• [Caption-style text data]:
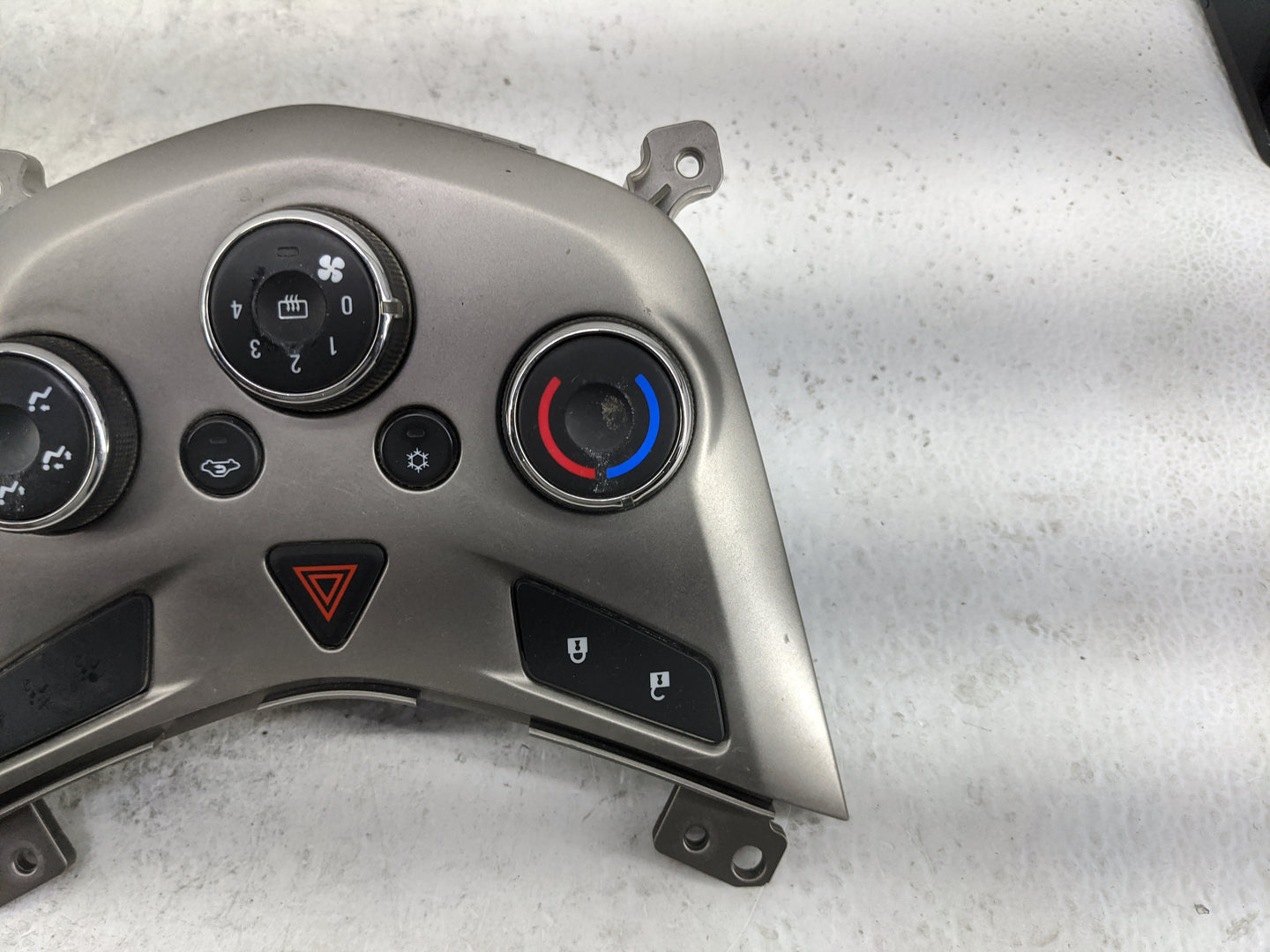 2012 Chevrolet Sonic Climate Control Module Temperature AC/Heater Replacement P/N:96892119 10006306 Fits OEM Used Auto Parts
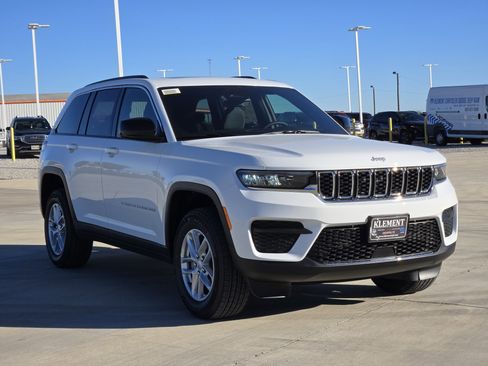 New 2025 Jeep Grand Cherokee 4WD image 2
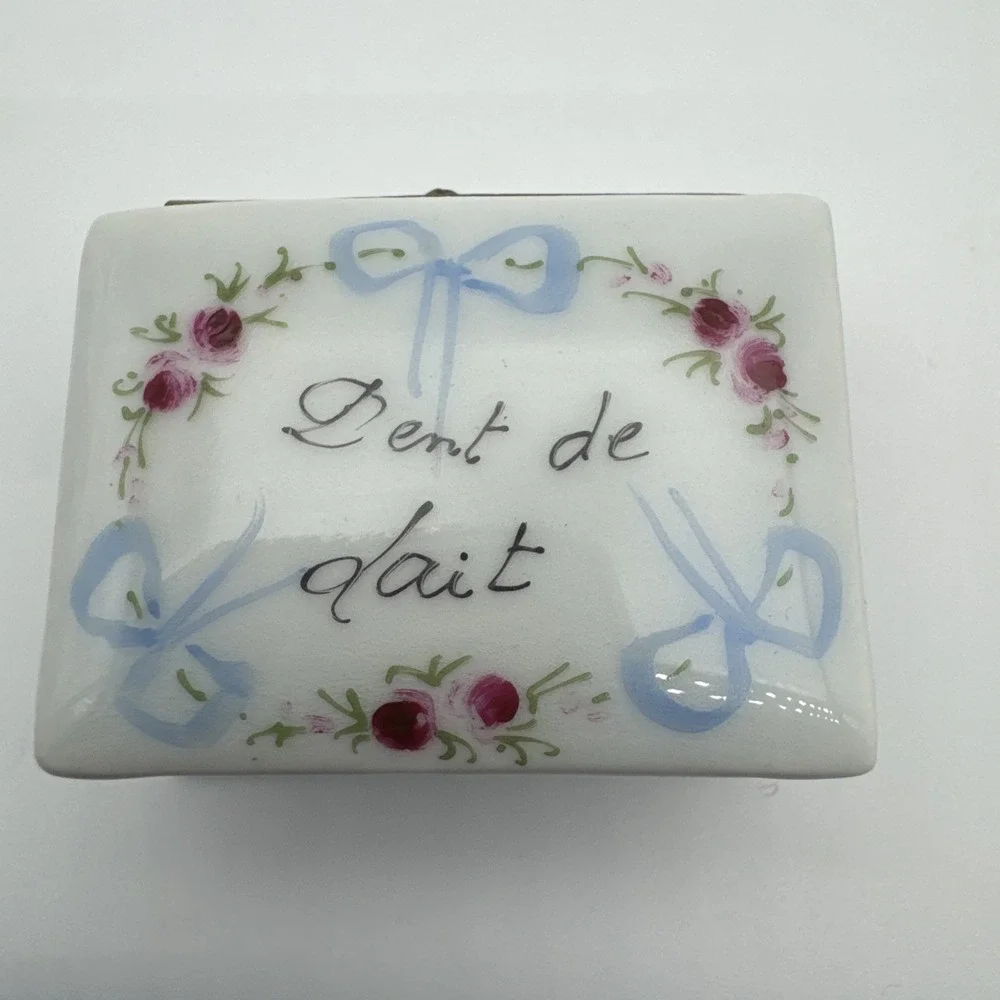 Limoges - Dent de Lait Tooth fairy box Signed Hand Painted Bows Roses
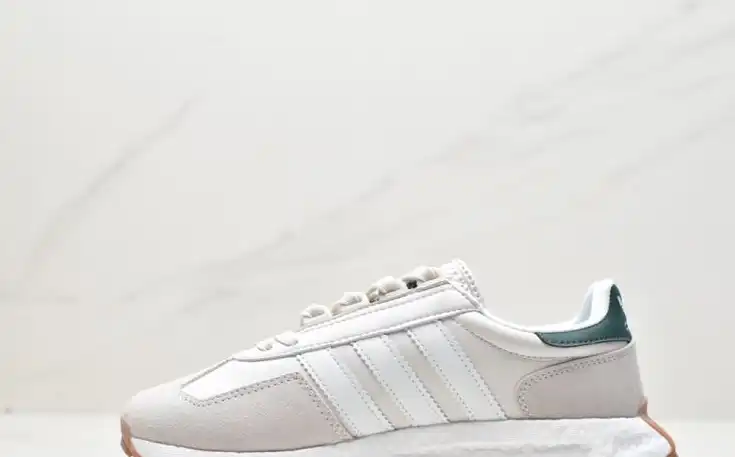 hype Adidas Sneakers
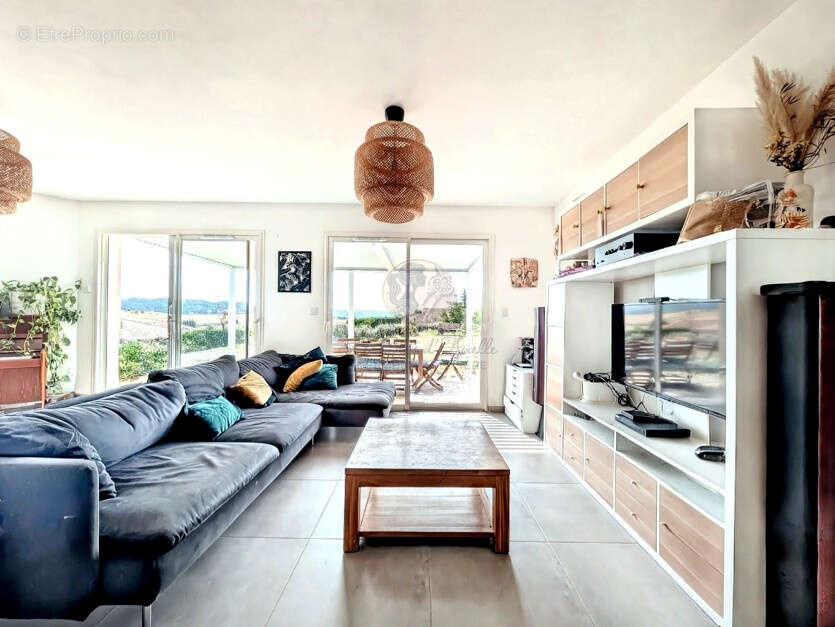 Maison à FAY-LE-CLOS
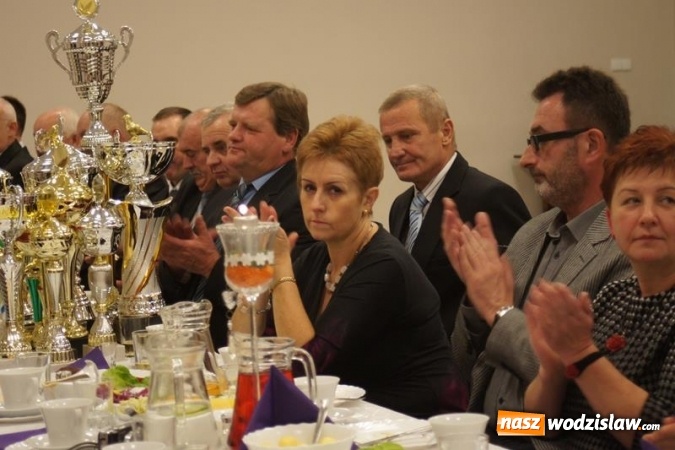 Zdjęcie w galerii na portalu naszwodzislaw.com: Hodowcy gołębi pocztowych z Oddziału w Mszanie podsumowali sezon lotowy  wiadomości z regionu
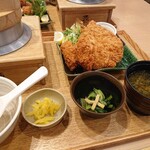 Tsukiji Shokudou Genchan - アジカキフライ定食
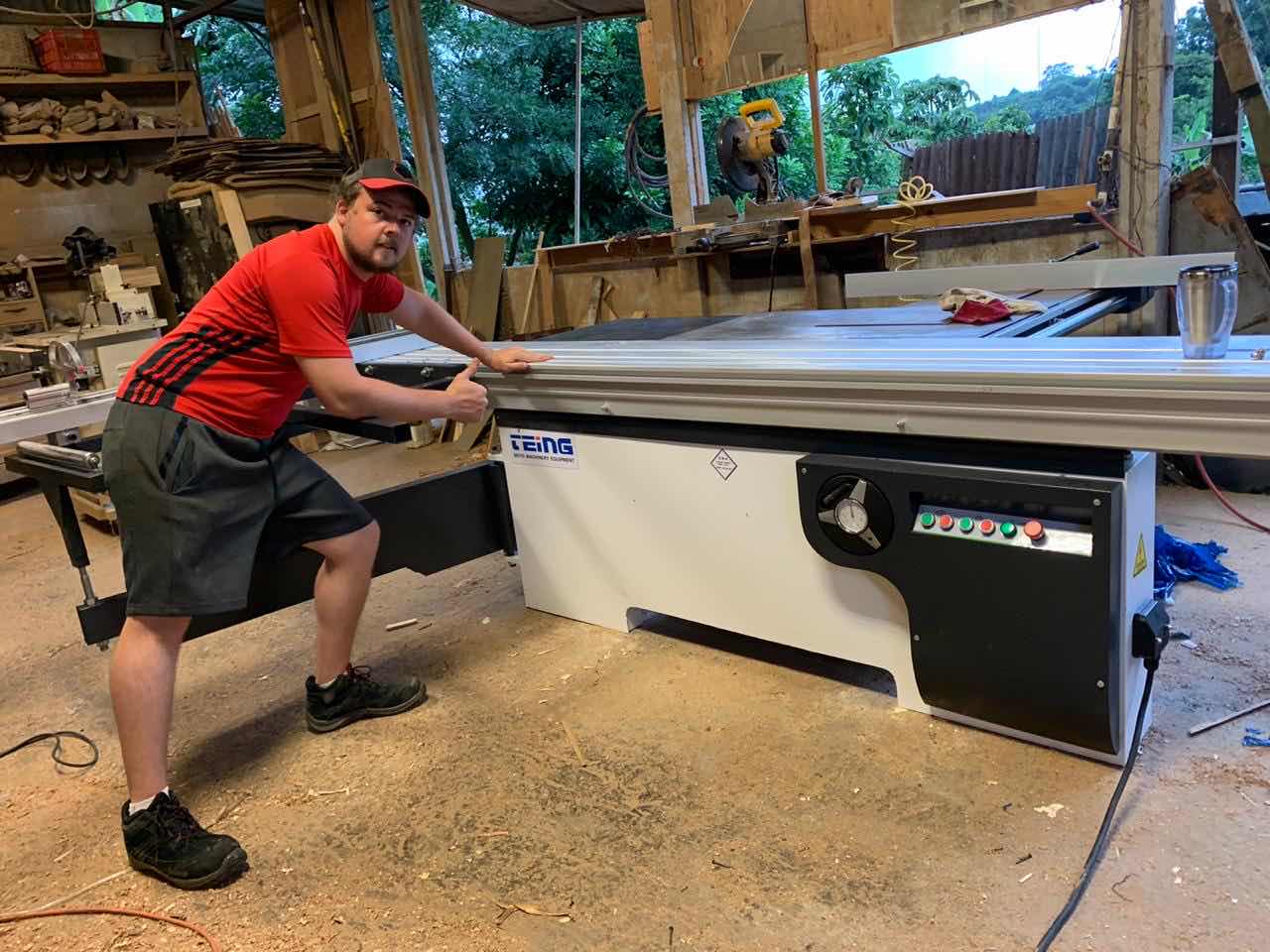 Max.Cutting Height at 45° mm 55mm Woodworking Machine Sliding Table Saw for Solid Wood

• [Task brief]: In the copy, include all records verbatim but no images.

• [Task solution]:
 2012 Chevrolet Sonic Climate Control Module Temperature AC/Heater Replacement P/N:96892119 10006306 Fits OEM Used Auto Parts
 New 2025 Jeep Grand Cherokee 4WD image 2
 Limoges - Dent de Lait Tooth fairy box Signed Hand Painted Bows Roses
 hype Adidas Sneakers
 Maison à FAY-LE-CLOS
 Zdjęcie w galerii na portalu naszwodzislaw.com: Hodowcy gołębi pocztowych z Oddziału w Mszanie podsumowali sezon lotowy  wiadomości z regionu
 Tsukiji Shokudou Genchan - アジカキフライ定食
 Max.Cutting Height at 45° mm 55mm Woodworking Machine Sliding Table Saw for Solid Wood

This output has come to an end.